§ **Exercise requirements**
Everything in the records below must be repeated exactly, except the pictures.

§ **Information**
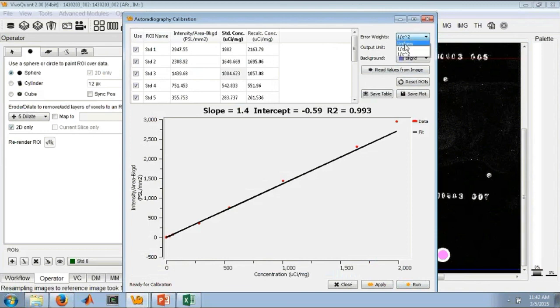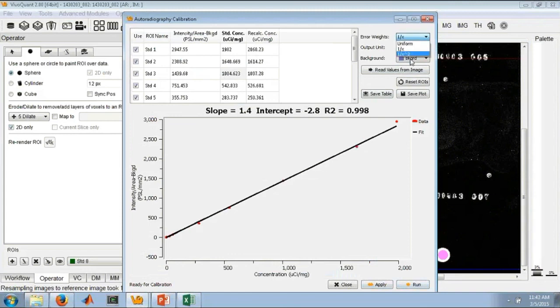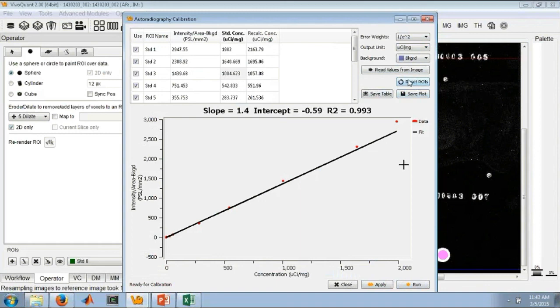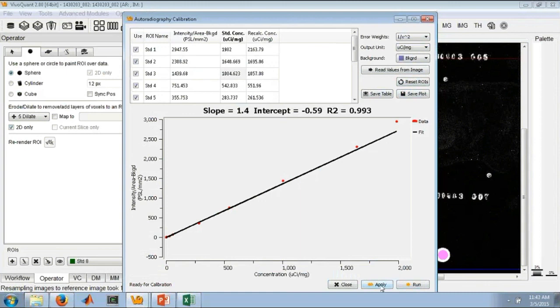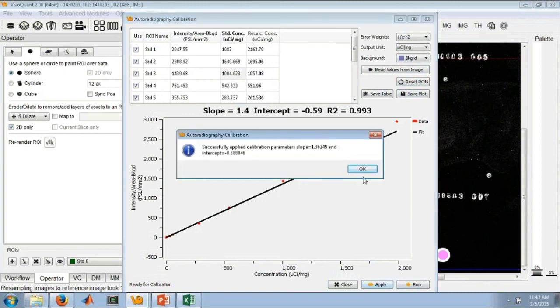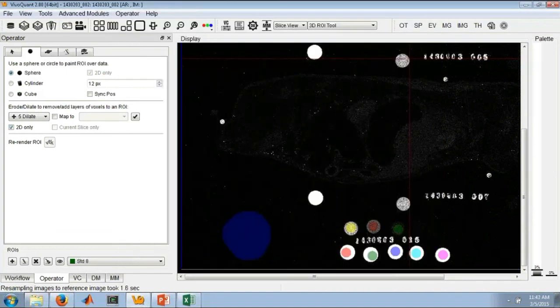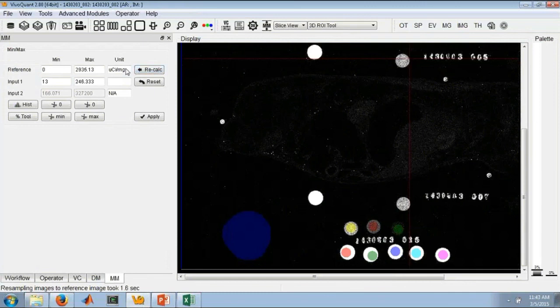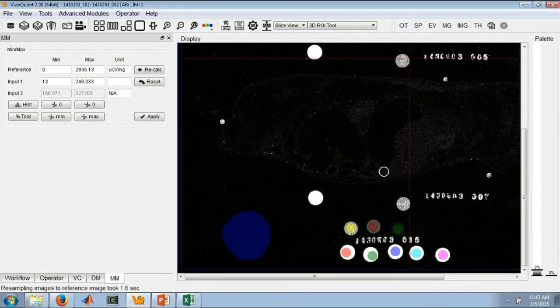We can also save this plot, as well as this table, using these buttons. We can also reset the ROIs and start over. But we like the fit curve. We simply say apply. It will tell us what calibration was applied to the data. We say OK. And now if we check our MinMax tools, you'll see that we've now changed the values to microcurie per milligram, real-world quantifiable information.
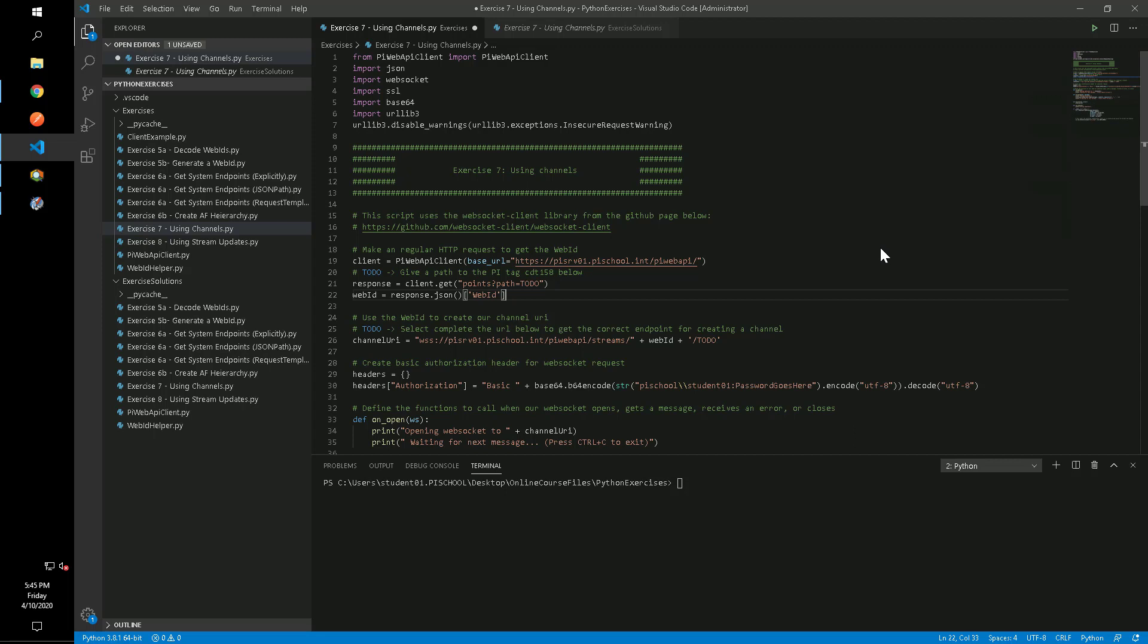First we will need to give a path to the PI tag that we want to monitor and retrieve the web ID using a normal HTTP request.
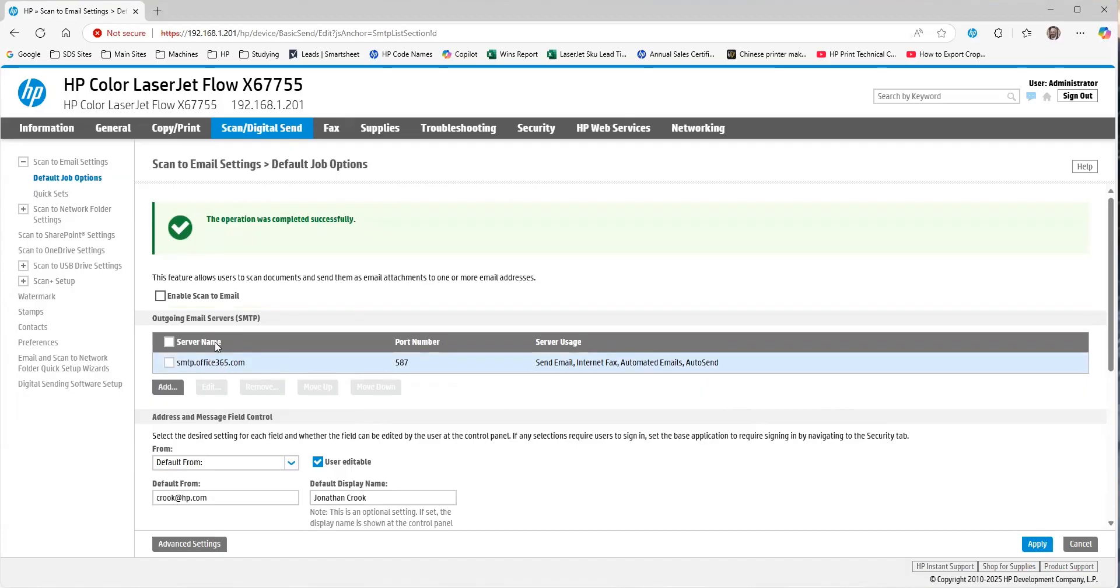The final step, obviously, is going to be enabling scan to email, and we're going to apply that.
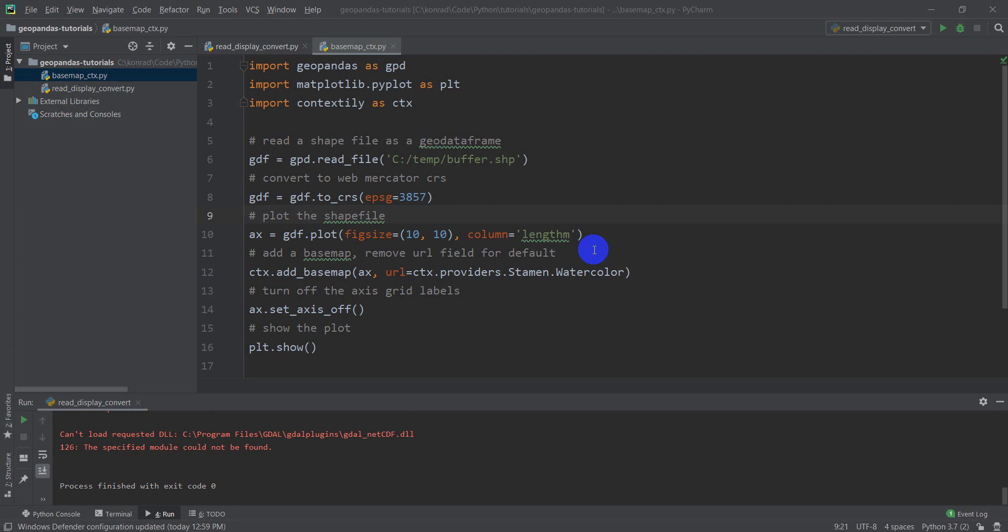Alright, so we've downloaded the data we're going to use for our image analysis. Now we're going to get things set up in Python.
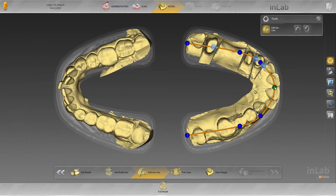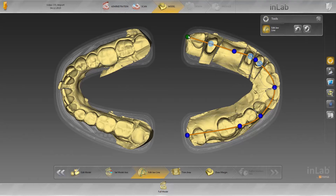To do this, place the middle blue point between the two central incisors, the second point between the canine and premolars, the third point between the premolars and the molars, and the fourth point further distal as a continuation of the jawline. The same procedure is used for the opposite quadrants.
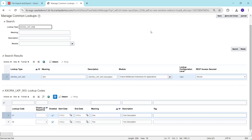This is how we can upload lookup codes and lookup values. You can have any number of records, and you can also perform updates. Thank you.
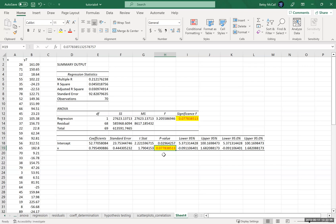We would fail to reject the null hypothesis here, meaning we'll get as good a measure of the y value from just taking the average y value as we would from using the linear regression to model it. The p-value for the constant is below 0.05 but the slope is not, so the model would basically just be the constant — and the constant, if you take the slope out of the equation, is just the average y value.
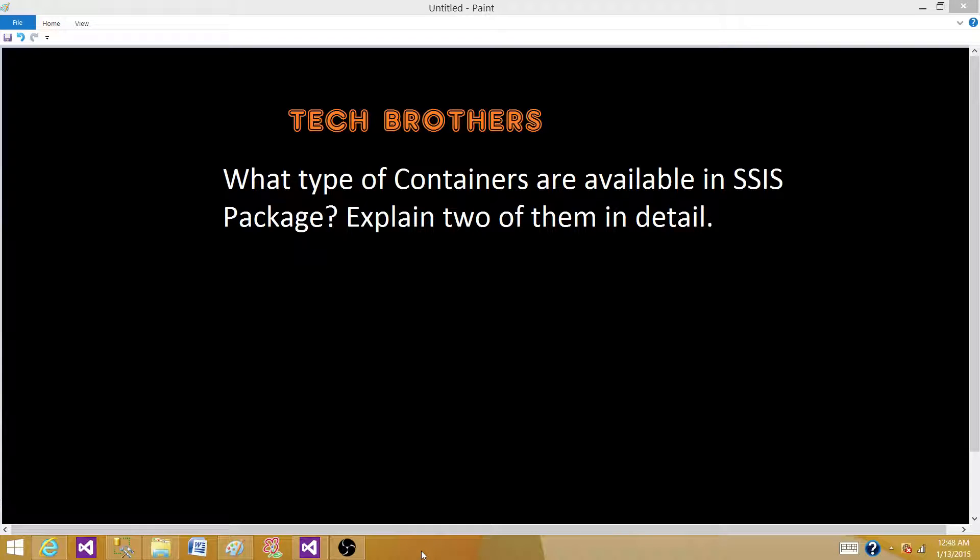Welcome to Tech Brothers with Amir. Today we are going to answer this question: What type of containers are available in SSIS packages? Explain two of them in detail.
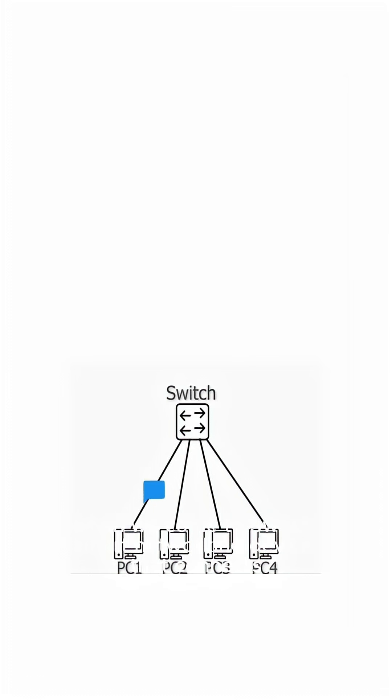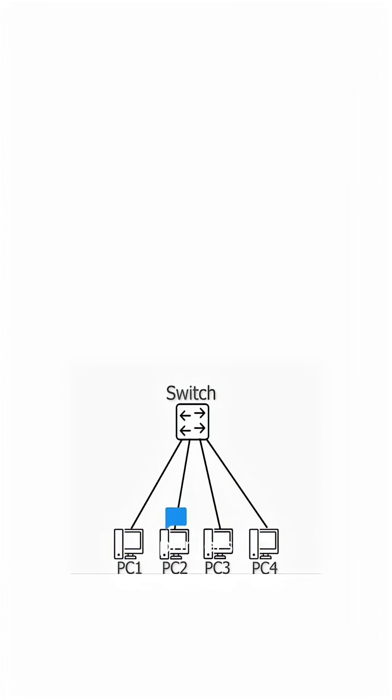A switch is a smart networking device that connects multiple devices like computers, printers, and routers within a local area network (LAN) and forwards data only to the specific device.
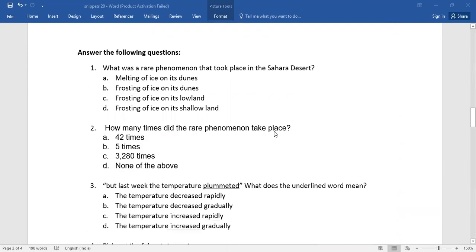The very first one, what was a rare phenomenon that took place in the Sahara Desert? And of this lot, you need to select the right one.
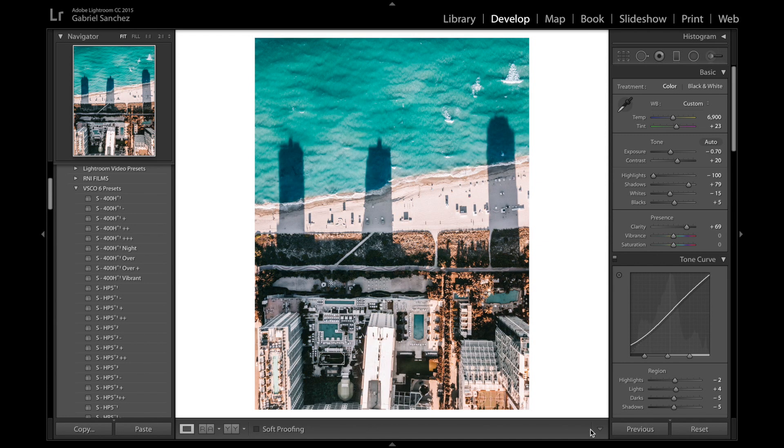and that is it guys that's how I like to edit my drone photos for the DJI Mavic Pro. I hope you enjoyed this video and the preset that we created together. Download it, use it, tag me so that I can see your work. If you like this video give it a thumbs up subscribe if you haven't done so already so that you don't miss future videos coming out. Drop me a comment let me know what you think and I'll see you guys on the next video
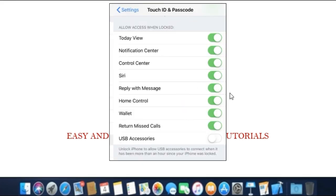Step 2. Now you'll want to make sure that the USB accessories toggle is turned off in order to enable USB restricted mode.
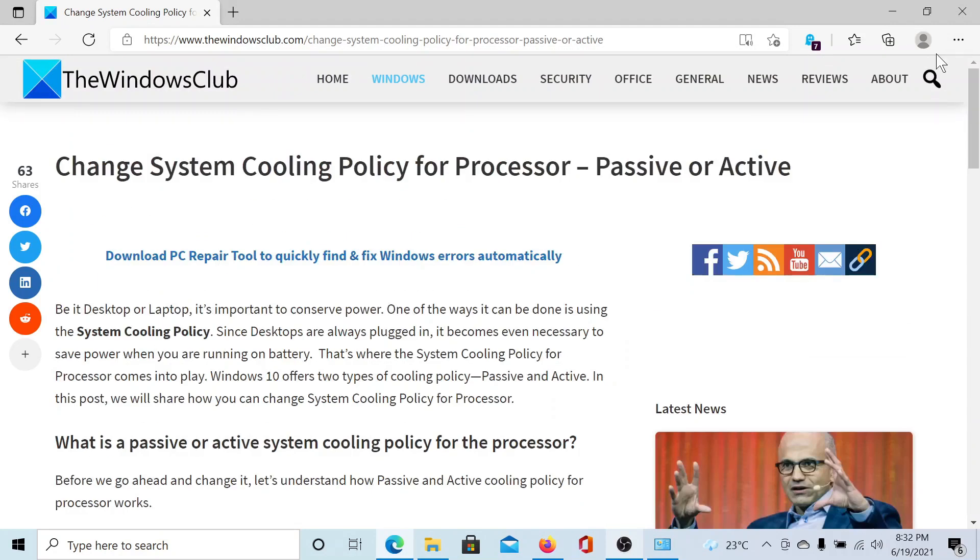Isn't this easy and interesting? If you have any doubts, please go to the original article on The Windows Club, scroll down to the comment section and write your query. We will surely answer it. Do not forget to subscribe to the channel. Thank you for watching this video and have a nice day.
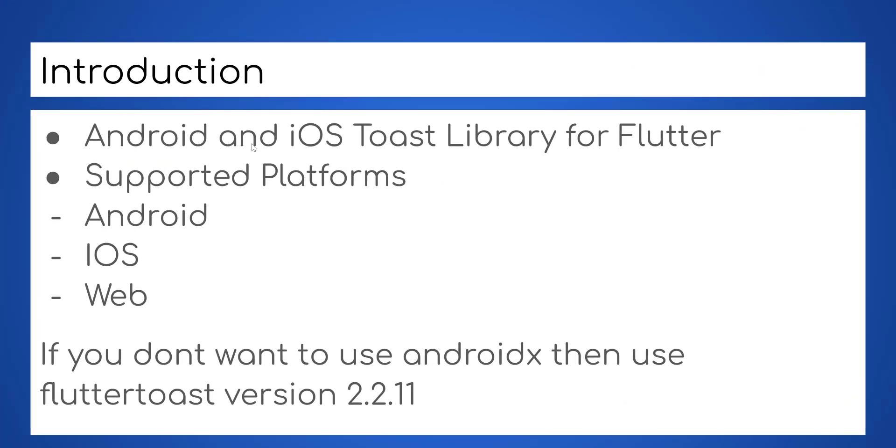If you have worked with Android programming before this is pretty familiar. It is supported with all platforms like Android, iOS and web.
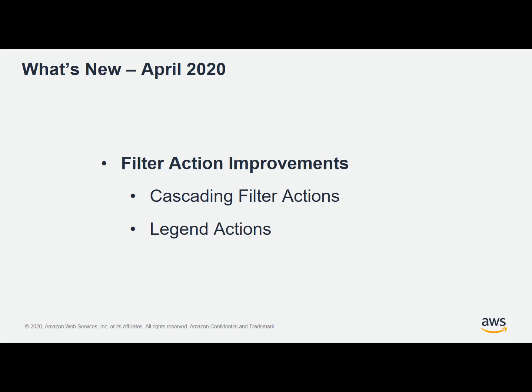In this video we're going to review a couple of new features that fall under the category of filter action improvements. There's a couple of new features that are out in April 2020: cascading filter actions as well as triggering actions from legends.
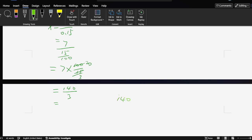140 divided by 3 is 46 with 2 over 3. So 46 and 2/3 is the final solution. Okay, let's look at this one.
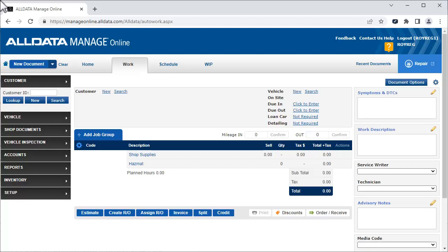In this video, we're going to see how to start a Twilio trial account and enter the Twilio account information in AllDataManageOnline. We'll also see how to convert your trial to a permanent account and purchase texts.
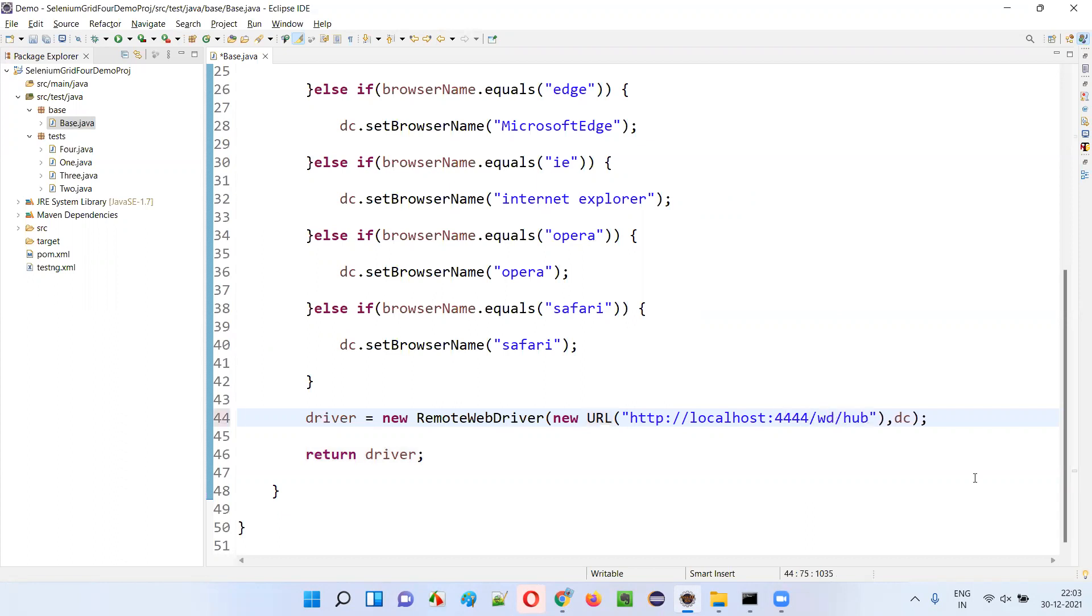This is the case for the older version of Selenium grid, but now as part of the Selenium 4 initiative, there are changes introduced in Selenium grid configuration where you don't need to provide this extension.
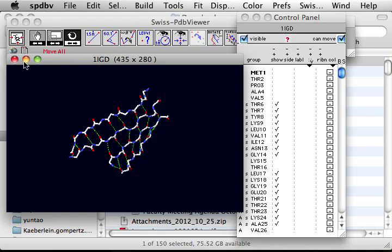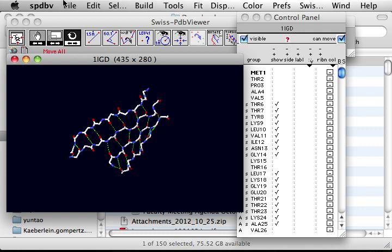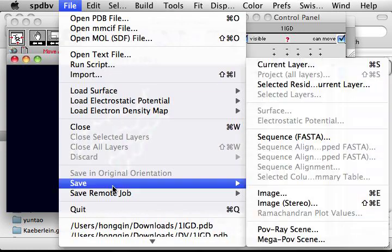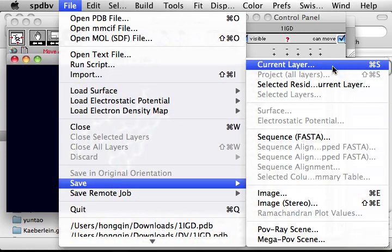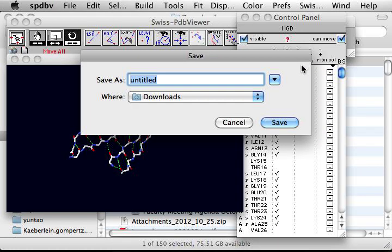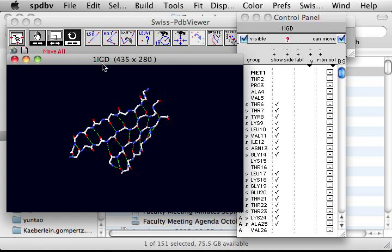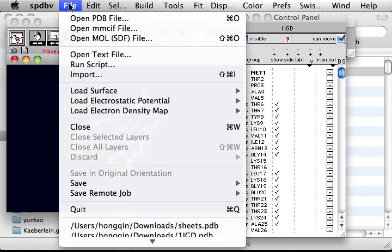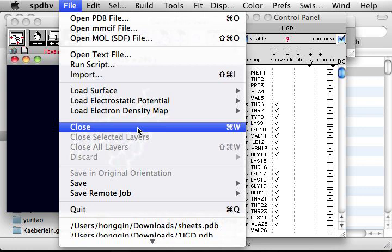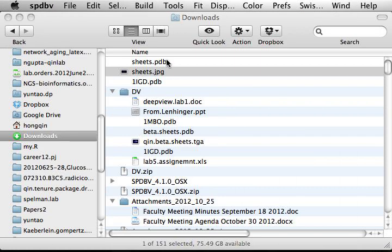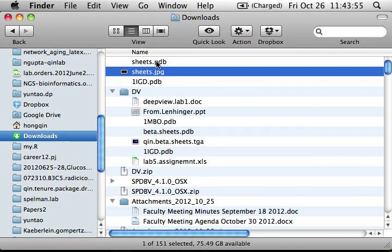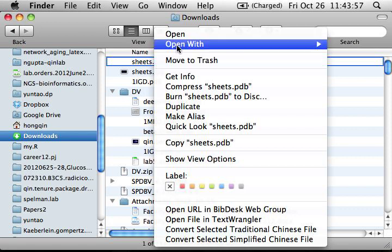But what if I want to save this working file? So next time when I use Swiss PDB viewer, I can still come to this beta sheet backbone with hydrogen bond there. This is something called save layer. So let's save the current layer. So we are going to call this sheets.pdb. Let's save this. And then we quit, close the current one. Close.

§ **Your solution**
We can also save this plot, as well as this table, using these buttons. We can also reset the ROIs and start over. But we like the fit curve. We simply say apply. It will tell us what calibration was applied to the data. We say OK. And now if we check our MinMax tools, you'll see that we've now changed the values to microcurie per milligram, real-world quantifiable information.
First we will need to give a path to the PI tag that we want to monitor and retrieve the web ID using a normal HTTP request.
The final step, obviously, is going to be enabling scan to email, and we're going to apply that.
Alright, so we've downloaded the data we're going to use for our image analysis. Now we're going to get things set up in Python.
To do this, place the middle blue point between the two central incisors, the second point between the canine and premolars, the third point between the premolars and the molars, and the fourth point further distal as a continuation of the jawline. The same procedure is used for the opposite quadrants.
This is how we can upload lookup codes and lookup values. You can have any number of records, and you can also perform updates. Thank you.
We would fail to reject the null hypothesis here, meaning we'll get as good a measure of the y value from just taking the average y value as we would from using the linear regression to model it. The p-value for the constant is below 0.05 but the slope is not, so the model would basically just be the constant — and the constant, if you take the slope out of the equation, is just the average y value.
Welcome to Tech Brothers with Amir. Today we are going to answer this question: What type of containers are available in SSIS packages? Explain two of them in detail.
A switch is a smart networking device that connects multiple devices like computers, printers, and routers within a local area network (LAN) and forwards data only to the specific device.
The very first one, what was a rare phenomenon that took place in the Sahara Desert? And of this lot, you need to select the right one.
and that is it guys that's how I like to edit my drone photos for the DJI Mavic Pro. I hope you enjoyed this video and the preset that we created together. Download it, use it, tag me so that I can see your work. If you like this video give it a thumbs up subscribe if you haven't done so already so that you don't miss future videos coming out. Drop me a comment let me know what you think and I'll see you guys on the next video
Step 2. Now you'll want to make sure that the USB accessories toggle is turned off in order to enable USB restricted mode.
Isn't this easy and interesting? If you have any doubts, please go to the original article on The Windows Club, scroll down to the comment section and write your query. We will surely answer it. Do not forget to subscribe to the channel. Thank you for watching this video and have a nice day.
If you have worked with Android programming before this is pretty familiar. It is supported with all platforms like Android, iOS and web.
In this video we're going to review a couple of new features that fall under the category of filter action improvements. There's a couple of new features that are out in April 2020: cascading filter actions as well as triggering actions from legends.
140 divided by 3 is 46 with 2 over 3. So 46 and 2/3 is the final solution. Okay, let's look at this one.
In this video, we're going to see how to start a Twilio trial account and enter the Twilio account information in AllDataManageOnline. We'll also see how to convert your trial to a permanent account and purchase texts.
This is the case for the older version of Selenium grid, but now as part of the Selenium 4 initiative, there are changes introduced in Selenium grid configuration where you don't need to provide this extension.
But what if I want to save this working file? So next time when I use Swiss PDB viewer, I can still come to this beta sheet backbone with hydrogen bond there. This is something called save layer. So let's save the current layer. So we are going to call this sheets.pdb. Let's save this. And then we quit, close the current one. Close.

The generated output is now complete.